Подметный манифест — страница 57 из 132

Тридцати не было, когда на господина Орлова накатила блажь: а дай-ка капитан-поручика Архарова единым махом в полковники и обер-полицмейстеры произведем! Тогда сдуру и не задумался, как сие назначение понравится Москве. Полагал - слово государыни и тут закон. Уверен был - все идет как должно, все - как у того котишки из Каиновой сказки: «Потому, что они - крысы, а я - кот!»

И вот нате вам: обер-полицмейстер никак не соберется в духом, чтобы принять наглый вызов бывшего московского хозяина. Да сколько ж можно?!.

Архаров тихо выматерился и полез из кареты, да так быстро - уже стоявший на запятках Иван не успел соскочить и подхватить барина под локоток.

Нужно было действовать, пока душа горела от злости и от стыда. Пламя, правда, металось внутри - Архаров не позволял себе показывать чувства открыто, и физиономия его сохраняла полнейшую неподвижность.

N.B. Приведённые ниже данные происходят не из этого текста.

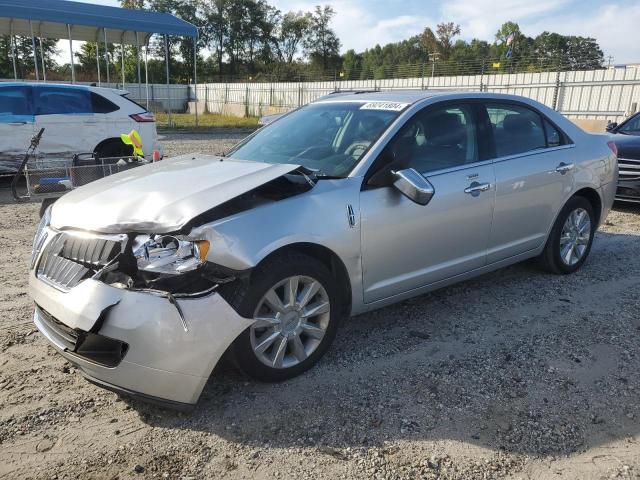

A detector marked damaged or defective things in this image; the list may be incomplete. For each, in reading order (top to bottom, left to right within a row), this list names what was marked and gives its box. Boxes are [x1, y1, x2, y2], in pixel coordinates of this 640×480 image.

crushed hood [50, 154, 300, 234]
broken headlight assembly [132, 235, 210, 276]
damaged front bumper [29, 228, 255, 404] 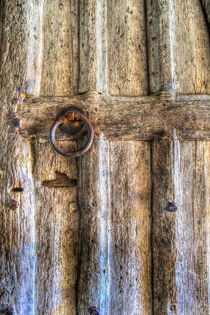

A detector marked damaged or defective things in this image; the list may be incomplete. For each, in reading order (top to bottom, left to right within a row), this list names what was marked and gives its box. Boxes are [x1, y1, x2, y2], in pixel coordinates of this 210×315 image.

rusty metal fitting [49, 108, 93, 158] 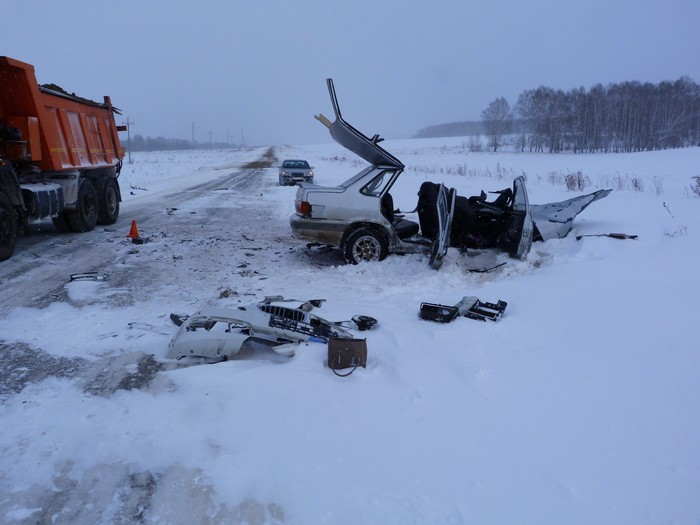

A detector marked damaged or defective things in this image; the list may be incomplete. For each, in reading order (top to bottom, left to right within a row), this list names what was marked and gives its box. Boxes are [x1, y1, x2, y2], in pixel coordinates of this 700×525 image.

detached car hood [314, 78, 402, 169]
severely damaged car [288, 80, 608, 268]
severely damaged car [167, 294, 374, 360] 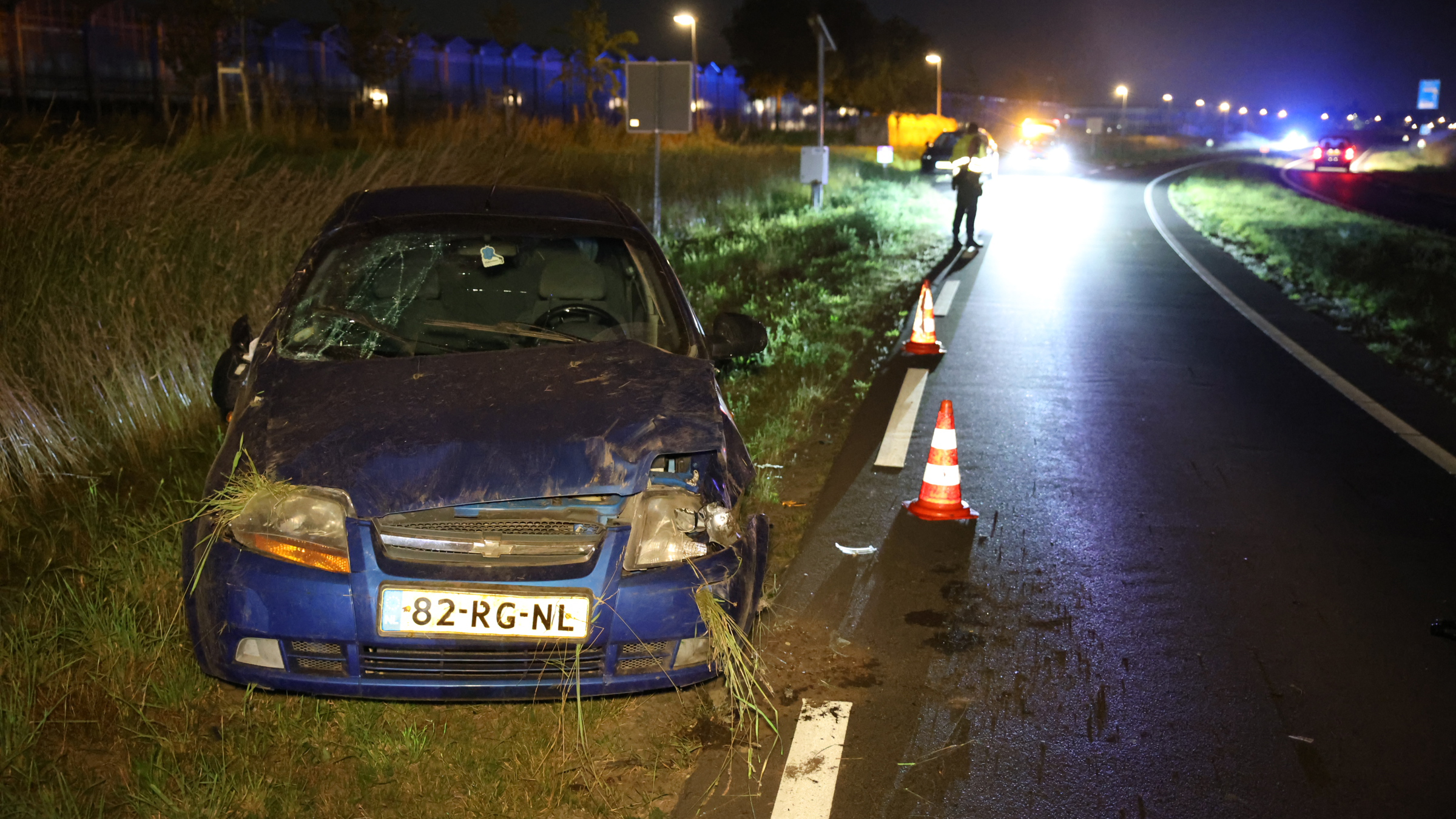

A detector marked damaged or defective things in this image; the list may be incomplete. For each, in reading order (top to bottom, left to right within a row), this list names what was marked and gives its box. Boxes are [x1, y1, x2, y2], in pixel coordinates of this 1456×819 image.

cracked windshield [290, 224, 694, 359]
crashed blue car [188, 186, 767, 699]
damaged car hood [246, 340, 738, 519] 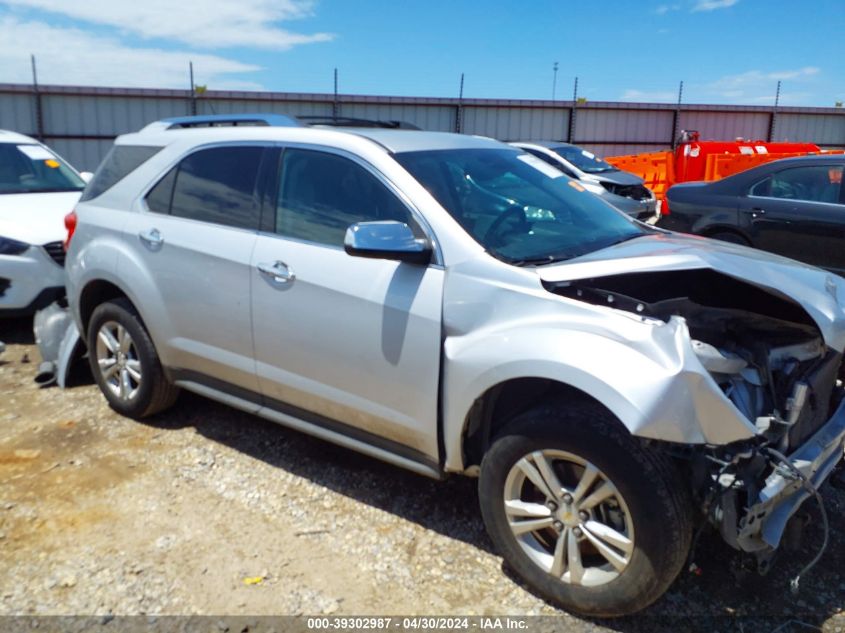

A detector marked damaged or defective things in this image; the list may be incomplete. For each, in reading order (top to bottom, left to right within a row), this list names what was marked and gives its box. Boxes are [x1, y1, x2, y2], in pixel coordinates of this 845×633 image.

crumpled hood [0, 190, 80, 244]
crumpled hood [536, 232, 844, 350]
wrecked front end [540, 262, 844, 572]
damaged front bumper [732, 400, 844, 552]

А вот коротковатые ноги выдавали волнение - той особенной чуть суетливой побежкой, которую вся полицейская контора с окрестностями уже знала…

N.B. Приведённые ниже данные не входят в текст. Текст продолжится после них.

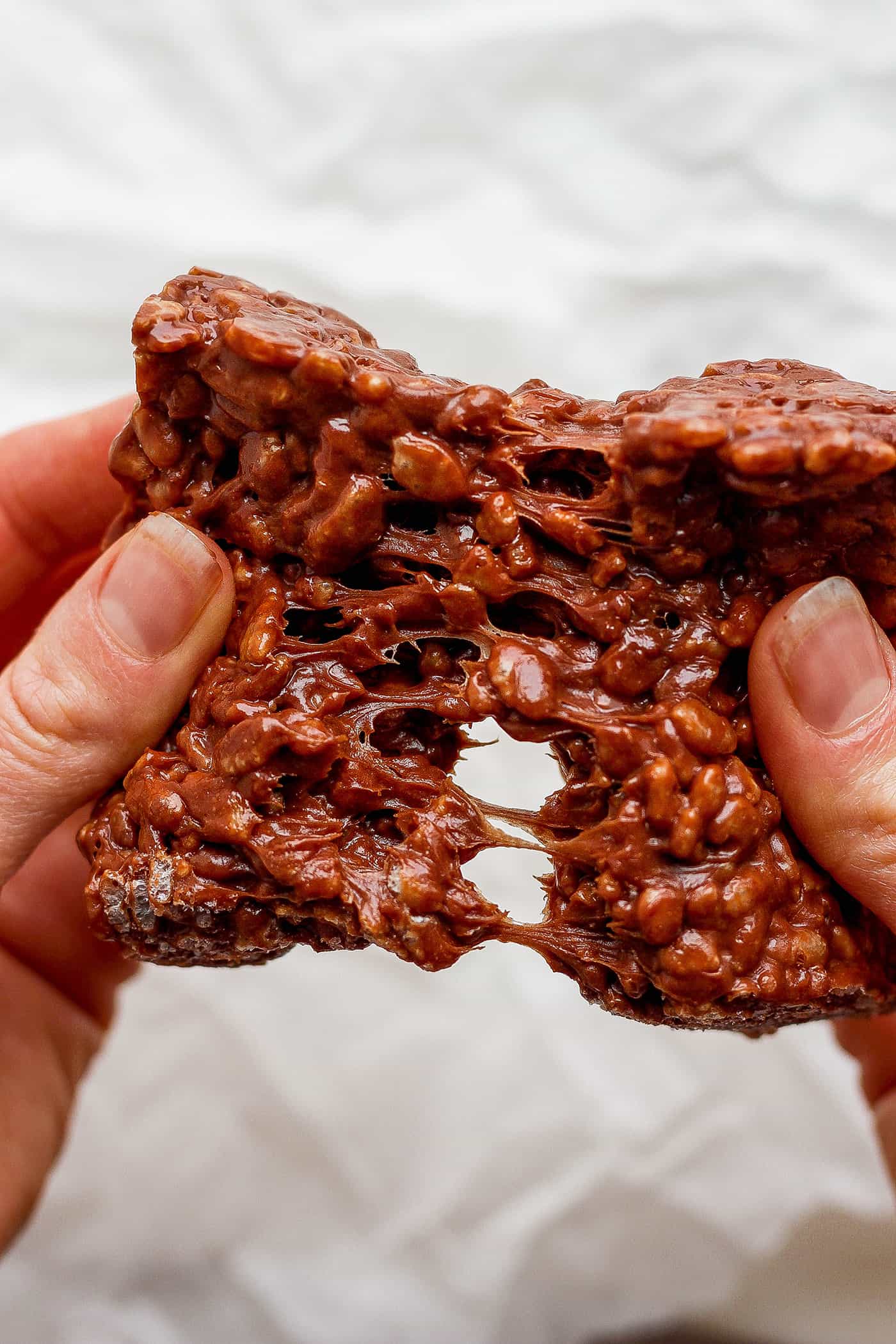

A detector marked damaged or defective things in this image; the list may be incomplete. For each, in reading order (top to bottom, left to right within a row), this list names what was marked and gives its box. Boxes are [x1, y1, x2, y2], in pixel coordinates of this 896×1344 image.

Он отворил калитку, пересек по уложенным доскам двор - Зарядье, как всегда, после зимы никак не желало толком просохнуть, - постучал в двери, услышал голосок девчонки, велел позвать хозяйку.

Марфу пришлось ждать - она, как видно, сидела с Каином в розовом гнездышке. Архаров, впущенный в сени, старательно вытер ноги о половик, после чего девчонка распахнула перед ним одни, потом другие двери, и он вошел в ту самую комнату, с которой уже столько всякого было связано. Невольно вспомнилась Дунька…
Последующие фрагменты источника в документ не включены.